| Task description |
From the data that follows, set down exactly the lines from the one with "Prática com o" through the one with "Sultan Cottage |", counting both. Pictures stay out.

** Opening Material for this task block **

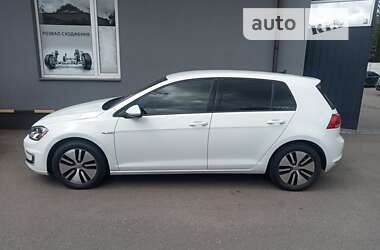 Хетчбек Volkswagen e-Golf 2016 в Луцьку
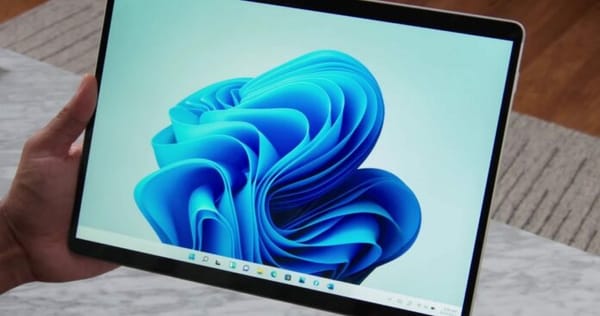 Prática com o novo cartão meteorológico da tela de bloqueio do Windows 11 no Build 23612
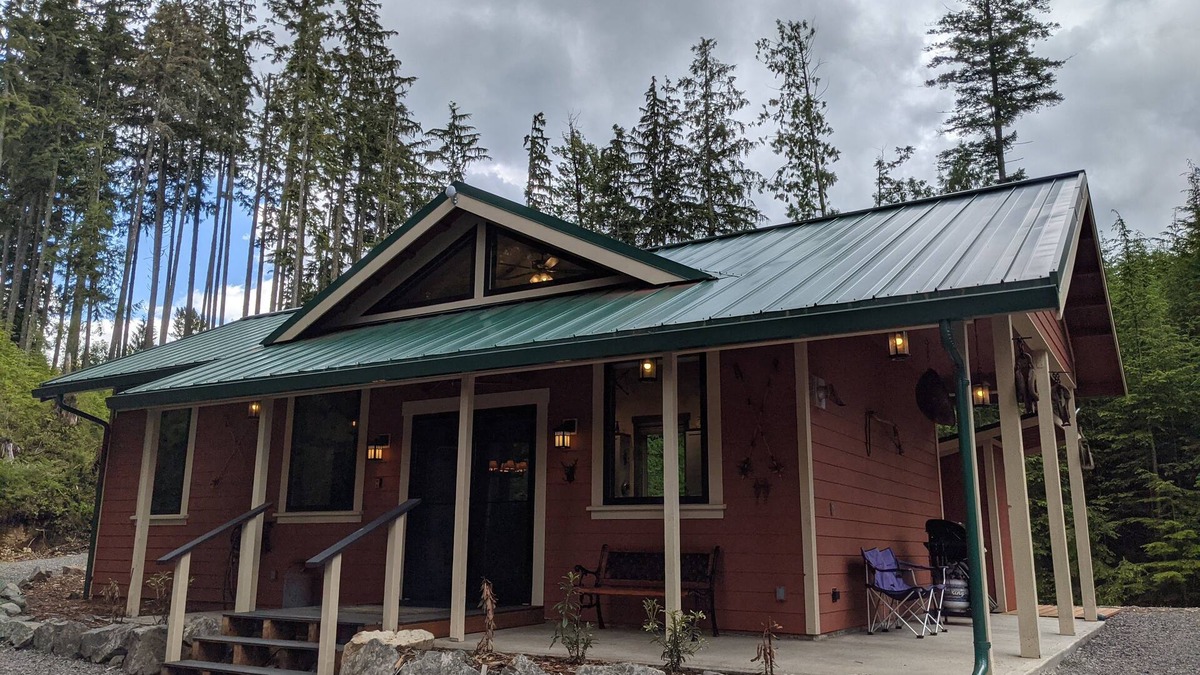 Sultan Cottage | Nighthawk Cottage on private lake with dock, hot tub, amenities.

** Closing Material for this task block **
** Opening Material for this task block **

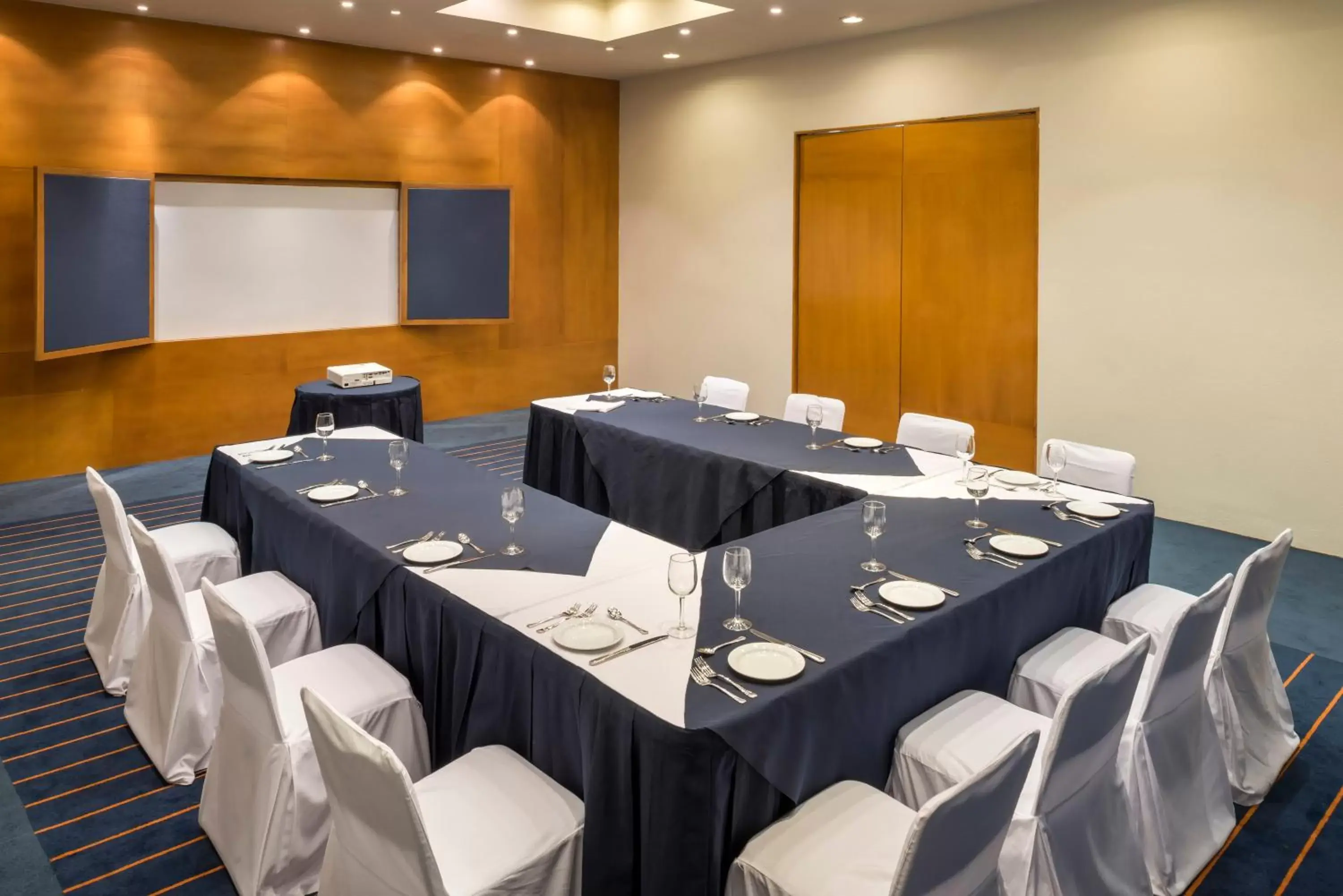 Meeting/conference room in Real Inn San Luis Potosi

** Closing Material for this task block **

| Written reply |
 Prática com o novo cartão meteorológico da tela de bloqueio do Windows 11 no Build 23612
 Sultan Cottage | Nighthawk Cottage on private lake with dock, hot tub, amenities.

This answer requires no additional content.